The sobering truth echoed through the silence pierced only by the soft, quivering voices of abused Native American women who suffer 3.5 times the domestic violence faced by most American women.
A woman learned from an ordinary man the extraordinary lesson of loving her vagina, and not covering what she thinks is repulsive with thoughts of furniture.
Every woman remembers the day of her first period, as recounted by the women on stage, both early and late bloomers, as an exciting event or a stark embarrassment. They described the ways this monthly flow appears to each woman, likening the drops in the toilet to drops of paint.
The angry vagina of a southern belle bellowed about the tortures made up for the vagina. “Tampons – what the hell is that?” Her vagina shuns the constant attempts to cleanse it, the “cold duck lips” of exams and the ever-wandering thong, for a life of luxury and desires.
There was only bitter desolation left after the savage rape of a Bosnian woman. It caused her to remove herself from her vagina, her home and live forever as a refugee in a strange world, never to return to her desecrated native land.
A skit, “My Short Skirt,” revealed the proper response for catcalls, setting the record straight that the skirt and everything under it belonged to her, alone, in an empowered refutation to degrading excuses for rape and harassment.
The pain and abuse of a young girl’s vagina was transformed into beauty and pleasure by her encounter with a lesbian mentor.
The darkness, isolation and abuse of life in the Burqa was related to a woman drowning in cloth, for lack of light and not noticing her own insanity, only a redundancy of death.
The word “cunt” was reclaimed by the virtues of the individual letters, syllables and sounds which comprise the formerly pejorative term.

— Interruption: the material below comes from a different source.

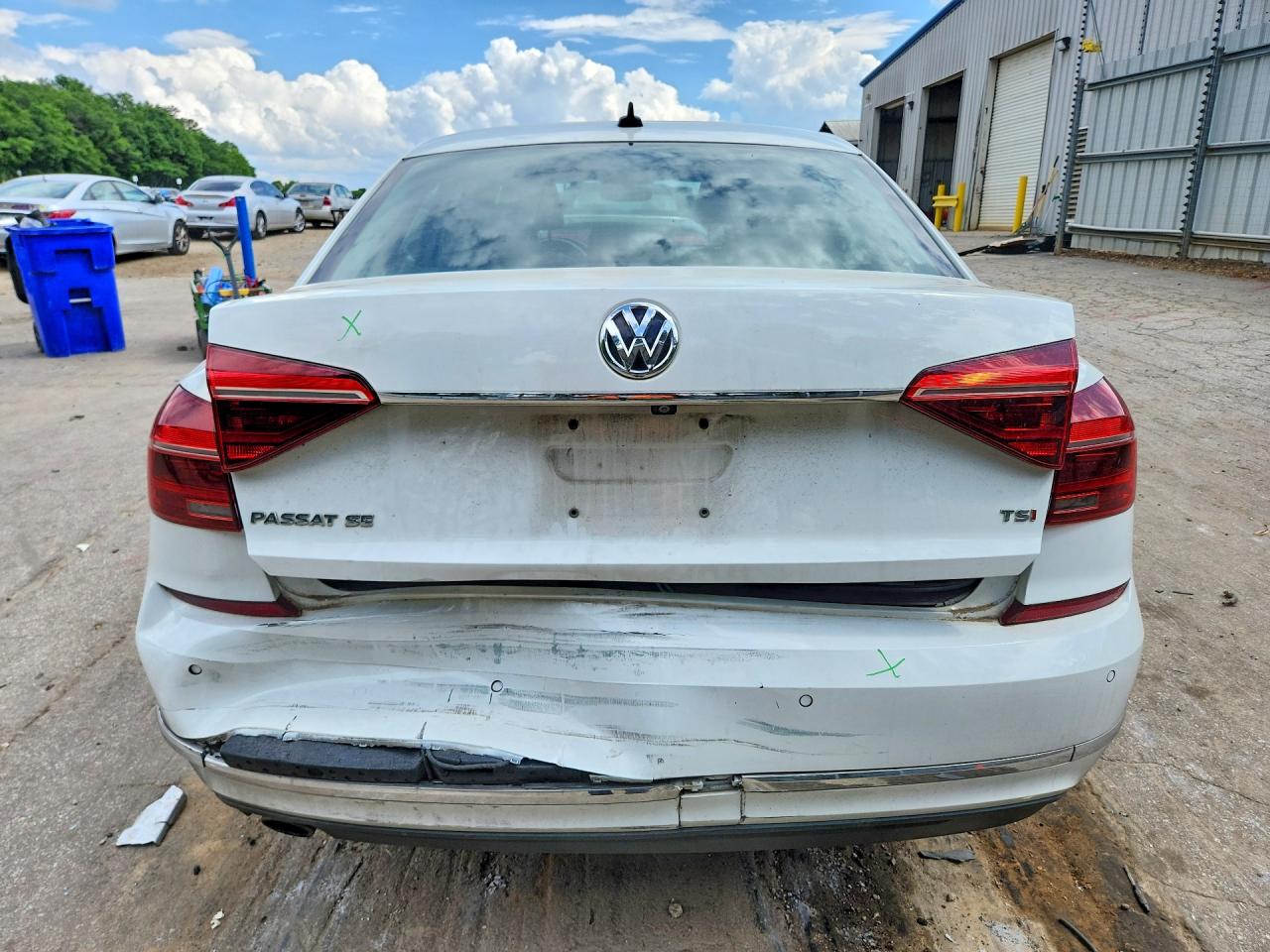 2017 VOLKSWAGEN PASSAT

A 6-year-old, not yet tainted by society’s views, described her vagina in red high tops and in its uniqueness lying in a “really, really smart brain” somewhere deep inside.
A dominatrix was portrayed well. She worked solely for women’s moans after abandoning tax law, but keeping the suits for certain uses in her new career. Men couldn’t handle her moans, but she extracts women”s moans of varying variety depending on ethnicity, empowerment and sexual satisfaction.
The performance closed with final description of the vagina in all the pain, beauty and majesty of birth.